Nein. Es war kein Sprung ins kalte Wasser. Die Jahre in der Stellvertretung haben mich gut auf das neue Amt vorbereitet. Trotzdem ist es für mich noch immer ein bisschen ungewohnt, als „Präsidentin des GAW“ angesprochen zu werden.
Dann bringe ich in der nächsten Frage die Formulierung gleich nochmal! Der Sitz der Prälatin Wulz ist in Ulm, der Sitz der Präsidentin Wulz in Leipzig. Dass Sie es bei Ihrem Terminkalender schaffen, jeden Morgen durch die Leipziger Flure zu laufen, kann ich mir nicht vorstellen.
Bereits im Vorfeld hatte ich mit dem Generalsekretär abgeklärt, was ich leisten kann und was nicht. Wir sind gut im Gespräch per Telefon und Mail. So lässt sich die Distanz Leipzig – Ulm auch zwischen den Vorstandssitzungen problemlos überwinden.
Eine Brücke in die Diaspora zu sein, das gehört zum Selbstverständnis des GAW. Es bedeutet für Sie jetzt konkret sicherlich ein erhöhtes Reisepensum.
Reisen in die Diaspora muss ich langfristig planen und in die Abläufe meines Arbeitsalltags „einfädeln“. Das lässt sich – bis jetzt – ganz gut verwirklichen.
Wohin hat Sie Ihre erste Reise geführt?
Anfang Mai war ich zusammen mit Cornelia Wolf vom Oberkirchenrat und Enno Haaks, dem Generalsekretär des GAW, in Nordgriechenland, um die Projekte der Flüchtlingsarbeit der Griechisch-evangelischen Kirche zu besuchen und gemeinsam mit unseren Partnern über mögliche Unterstützung und Hilfe zu beraten.

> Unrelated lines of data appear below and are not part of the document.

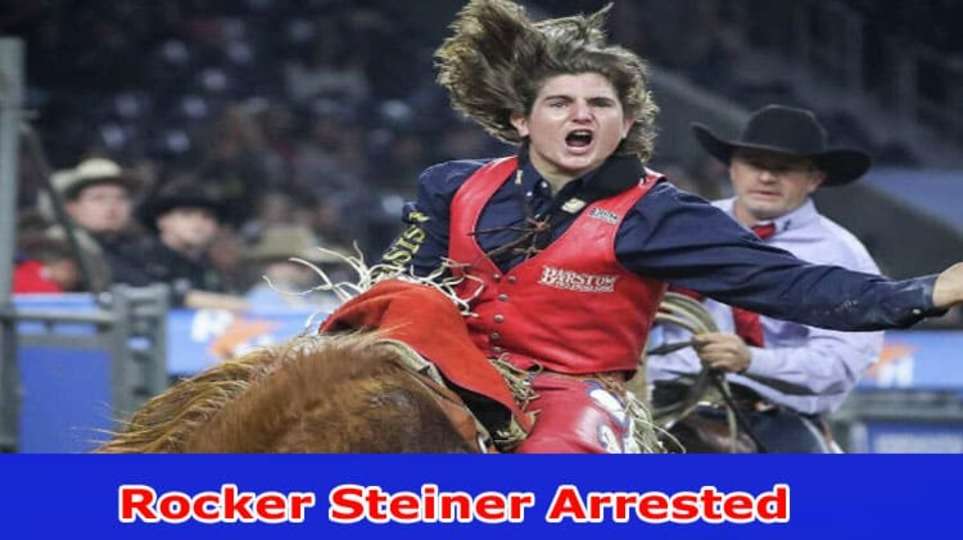 [Update] Rocker Steiner Arrested 2023 What Happened To Rocker Steiner? Also Grab More Information On Reno Rodeo Altercation 2023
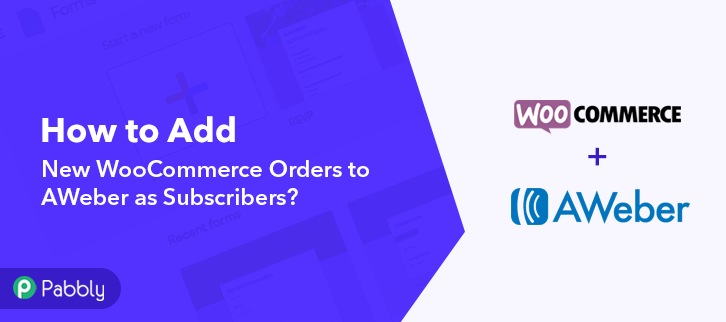 How to Add New WooCommerce Orders to AWeber as Subscribers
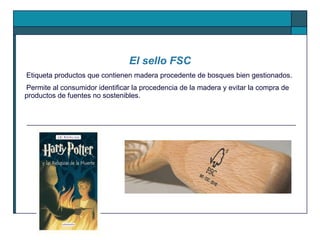 Etiqueta productos que contienen madera procedente de bosques bien gestionados. Permite al consumidor identificar la procedencia de la madera y evitar la compra de productos de fuentes no sostenibles.  El sello FSC 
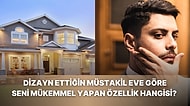 Dizayn Ettiğin Müstakil Eve Göre Seni Mükemmel Yapan Özelliğini Söylüyoruz!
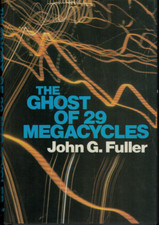 The Ghost of 29 Megacycles - Communicating with the Dead ; by John G. Fuller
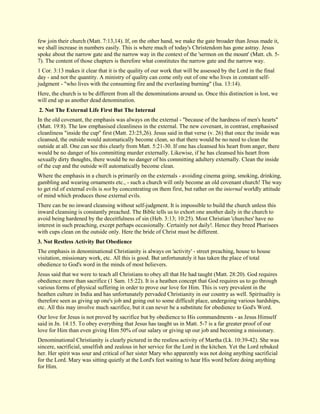 few join their church (Matt. 7:13,14). If, on the other hand, we make the gate broader than Jesus made it, we shall increase in numbers easily. This is where much of today's Christendom has gone astray. Jesus spoke about the narrow gate and the narrow way in the context of the 'sermon on the mount' (Matt. ch. 5- 7). The content of those chapters is therefore what constitutes the narrow gate and the narrow way. 1 Cor. 3:13 makes it clear that it is the quality of our work that will be assessed by the Lord in the final day - and not the quantity. A ministry of quality can come only out of one who lives in constant self- judgment - "who lives with the consuming fire and the everlasting burning" (Isa. 13:14). Here, the church is to be different from all the denominations around us. Once this distinction is lost, we will end up as another dead denomination. 
2. Not The External Life First But The Internal 
In the old covenant, the emphasis was always on the external - "because of the hardness of men's hearts" (Matt. 19:8). The law emphasised cleanliness in the external. The new covenant, in contrast, emphasised cleanliness "inside the cup" first (Matt. 23:25,26). Jesus said in that verse (v. 26) that once the inside was cleansed, the outside would automatically become clean, so that there would be no need to clean the outside at all. One can see this clearly from Matt. 5:21-30. If one has cleansed his heart from anger, there would be no danger of his committing murder externally. Likewise, if he has cleansed his heart from sexually dirty thoughts, there would be no danger of his committing adultery externally. Clean the inside of the cup and the outside will automatically become clean. Where the emphasis in a church is primarily on the externals - avoiding cinema going, smoking, drinking, gambling and wearing ornaments etc., - such a church will only become an old covenant church! The way to get rid of external evils is not by concentrating on them first, but rather on the internal worldly attitude of mind which produces those external evils. There can be no inward cleansing without self-judgment. It is impossible to build the church unless this inward cleansing is constantly preached. The Bible tells us to exhort one another daily in the church to avoid being hardened by the deceitfulness of sin (Heb. 3:13; 10:25). Most Christian 'churches' have no interest in such preaching, except perhaps occasionally. Certainly not daily!. Hence they breed Pharisees with cups clean on the outside only. Here the bride of Christ must be different. 
3. Not Restless Activity But Obedience 
The emphasis in denominational Christianity is always on 'activity' - street preaching, house to house visitation, missionary work, etc. All this is good. But unfortunately it has taken the place of total obedience to God's word in the minds of most believers. Jesus said that we were to teach all Christians to obey all that He had taught (Matt. 28:20). God requires obedience more than sacrifice (1 Sam. 15:22). It is a heathen concept that God requires us to go through various forms of physical suffering in order to prove our love for Him. This is very prevalent in the heathen culture in India and has unfortunately pervaded Christianity in our country as well. Spirituality is therefore seen as giving up one's job and going out to some difficult place, undergoing various hardships, etc. All this may involve much sacrifice, but it can never be a substitute for obedience to God's Word. Our love for Jesus is not proved by sacrifice but by obedience to His commandments - as Jesus Himself said in Jn. 14:15. To obey everything that Jesus has taught us in Matt. 5-7 is a far greater proof of our love for Him than even giving Him 50% of our salary or giving up our job and becoming a missionary. Denominational Christianity is clearly pictured in the restless activity of Martha (Lk. 10:39-42). She was sincere, sacrificial, unselfish and zealous in her service for the Lord in the kitchen. Yet the Lord rebuked her. Her spirit was sour and critical of her sister Mary who apparently was not doing anything sacrificial for the Lord. Mary was sitting quietly at the Lord's feet waiting to hear His word before doing anything for Him.  
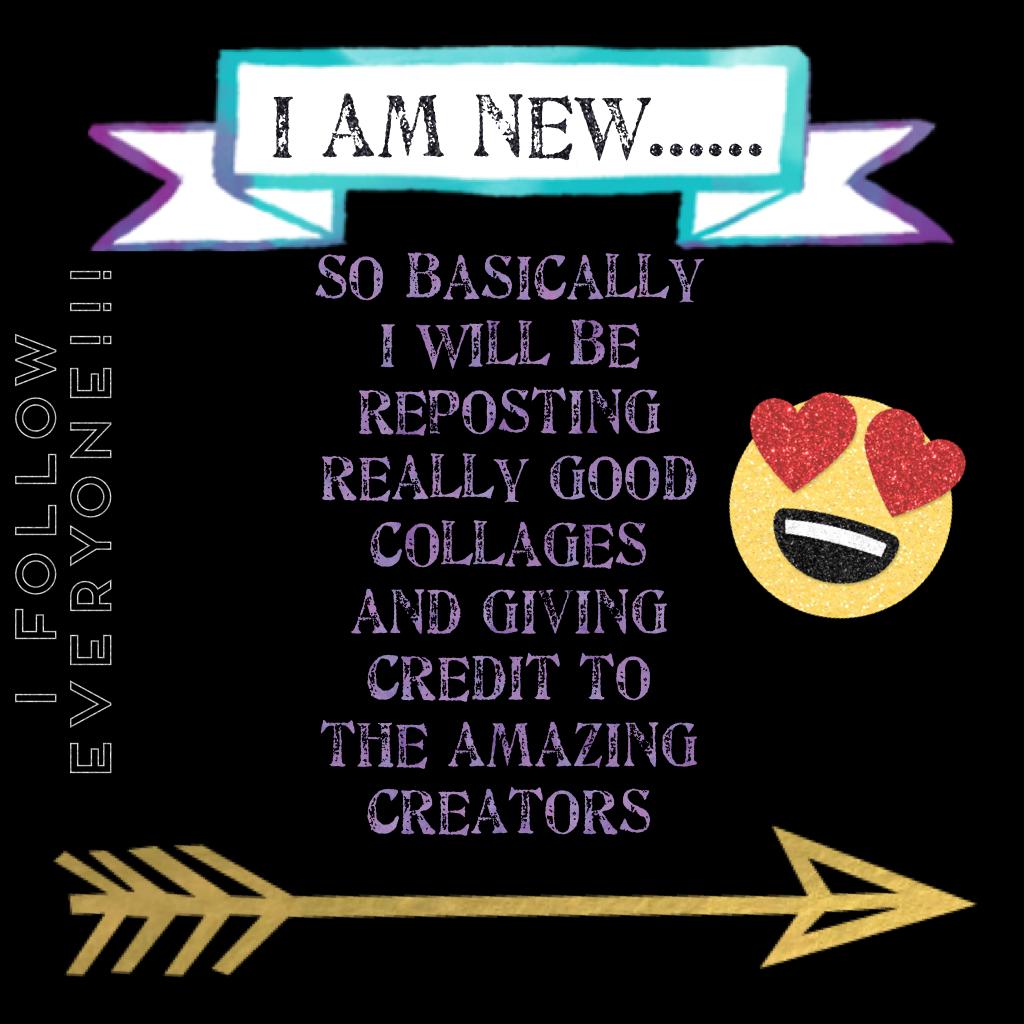 I am new......Creative-Edits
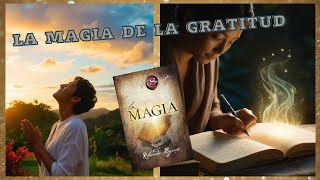 ¿Cómo Practicar la Gratitud Diaria con el libro La Magia Guía Completa [upl. by Emerald878]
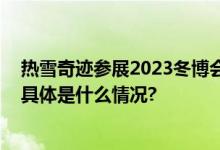 热雪奇迹参展2023冬博会以四季雪场构筑滑雪运动新生态 具体是什么情况?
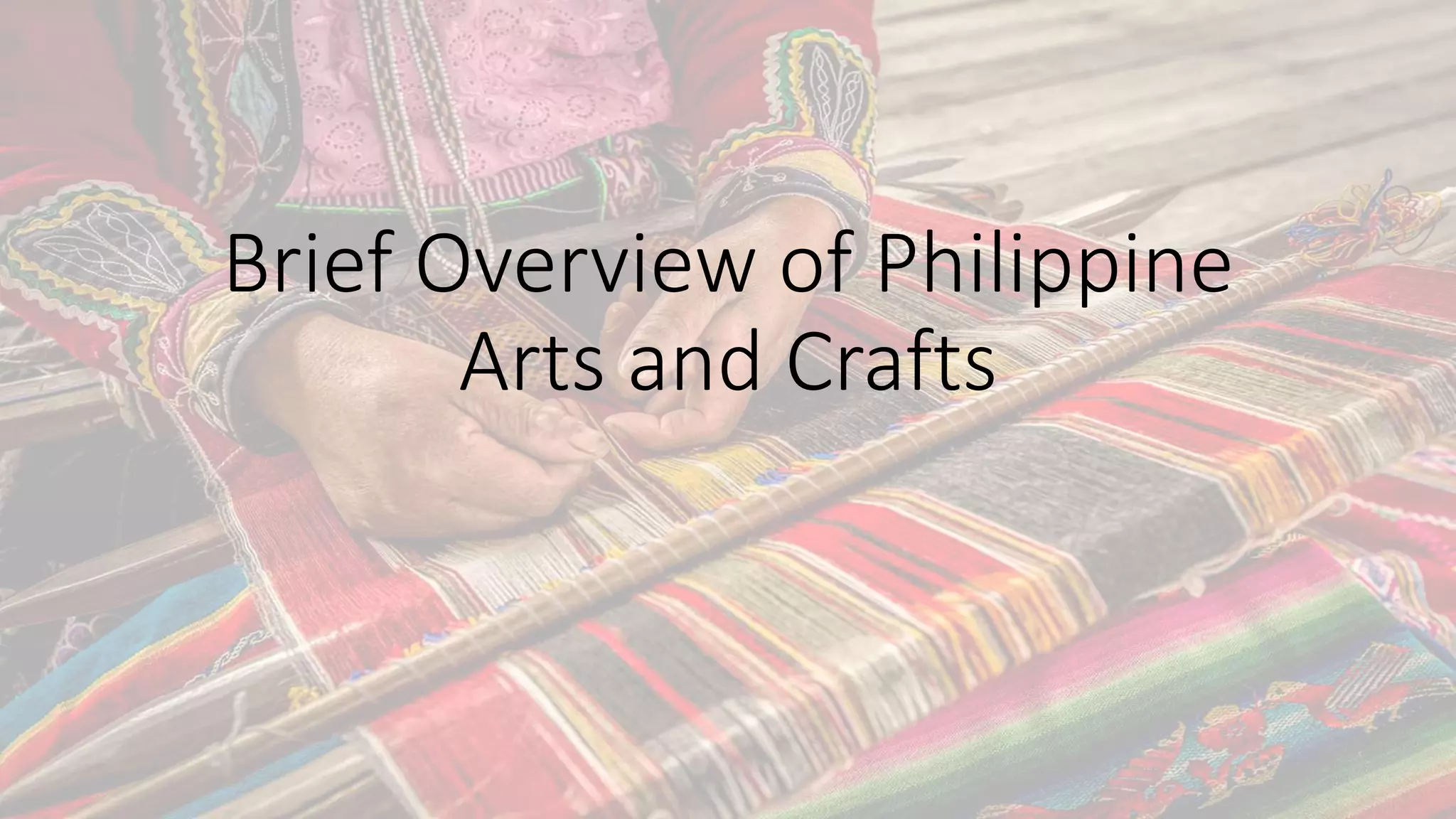 Brief Overview of Philippine Arts and Crafts.pptx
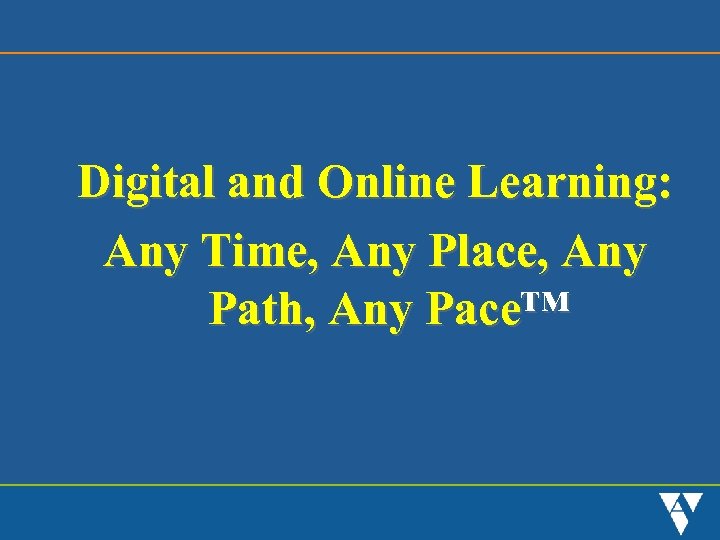 Digital and Online Learning: Any Time, Any Place, Any Path, Any Pace™ 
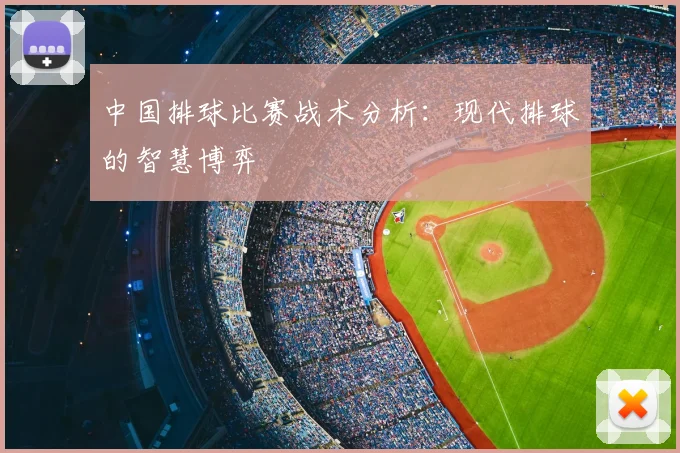 中国排球比赛战术分析：现代排球的智慧博弈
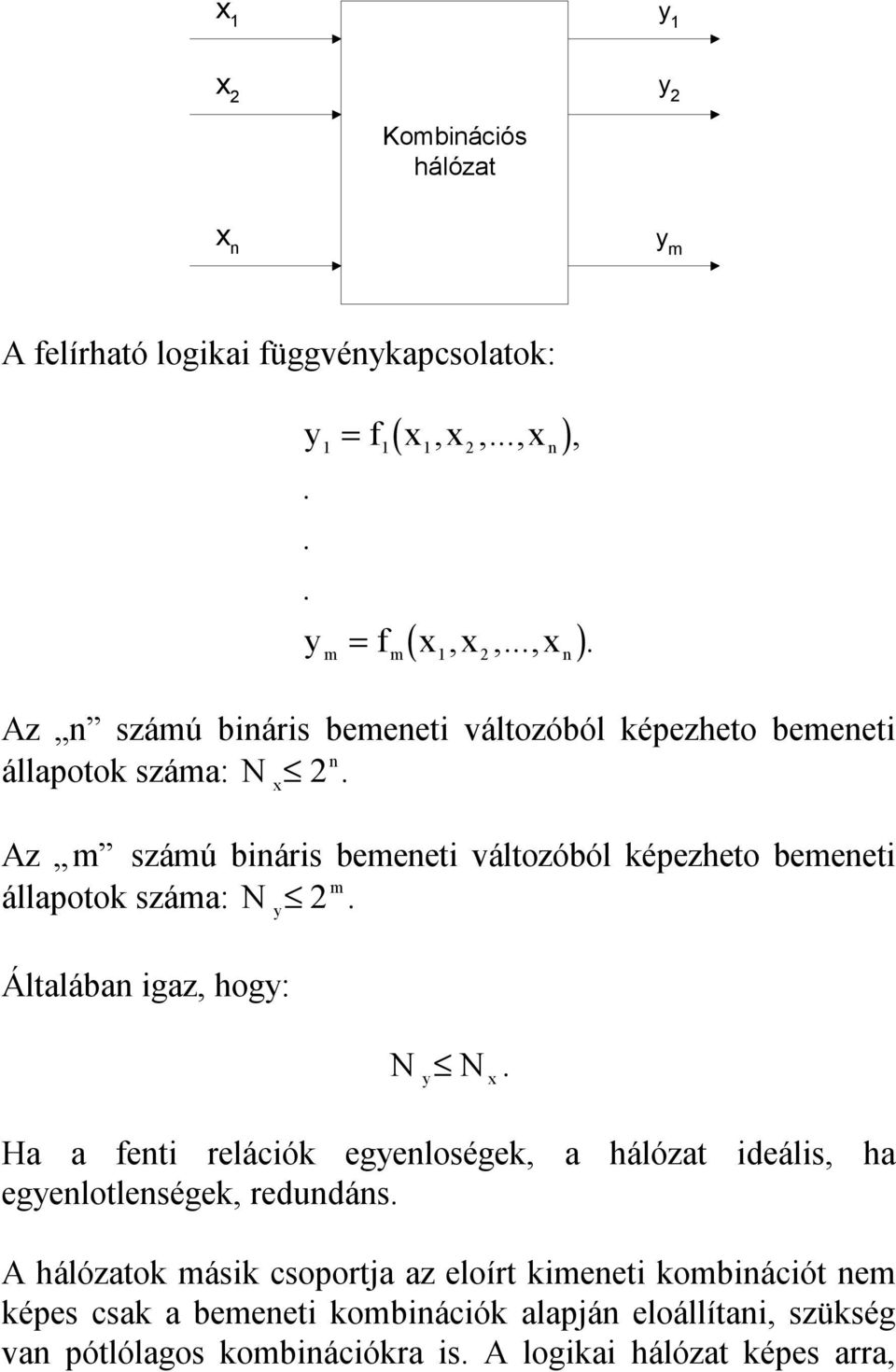 z m számú bináris bemenei válozóból képezheo bemenei m állapook száma: N y 2. Álalában igaz, hogy: N y N.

Sie waren im zwischenzeitlich geräumten Lager bei Idomeni, aber auch in jenem von Piräus. War es so, wie wir es im Fernsehen sehen?
Ja; in Idomeni war die Lage aussichtslos. In Piräus ist es noch schlimmer. Die Menschen kommen nicht weiter. Sie haben keinerlei Perspektive. Weder nach vorne noch zurück. Und diejenigen, die den Flüchtlingen in den bewachten Lagern helfen wollen, tun sich schwer. Sie müssen erst das Vertrauen der Militärs gewinnen, um überhaupt ins Lager zu kommen.
Und mitten drin die Griechisch-evangelische Kirche…
Ja, mittendrin. Es sind wirklich großartige Menschen, die es als ihre Aufgabe und Verpflichtung sehen, den Geflüchteten zu helfen. Einige konnten wir ja vor kurzem auch auf dem GAW-Fest begrüßen. Sie strahlen eine tiefe Frömmigkeit und Herzlichkeit aus und sagen: Unsere Gemeinde hat sich nach der Vertreibung aus der Türkei hier in dieser Region angesiedelt. Unsere Geschichte verbindet uns mit den Geflüchteten. Ich meine, das ist alles keineswegs selbstverständlich, wenn man bedenkt, in welch schwieriger Lage Griechenland schon ohne die Flüchtlinge steckt.
Hat Ihre Reise direkte Konsequenzen?
Wir werden die Flüchtlingsarbeit dieser Kirche weiter unterstützen und planen für die nächsten zwei Jahre. In Thessaloniki ist ein Begegnungszentrum geplant und in Milotopos soll weiterer Wohnraum entstehen. Das sind nur wenige Beispiele. Die Synode der Landeskirche hat dem GAW 200.000 Euro für die Flüchtlingshilfe in Griechenland bewilligt, die wir jetzt einsetzen werden.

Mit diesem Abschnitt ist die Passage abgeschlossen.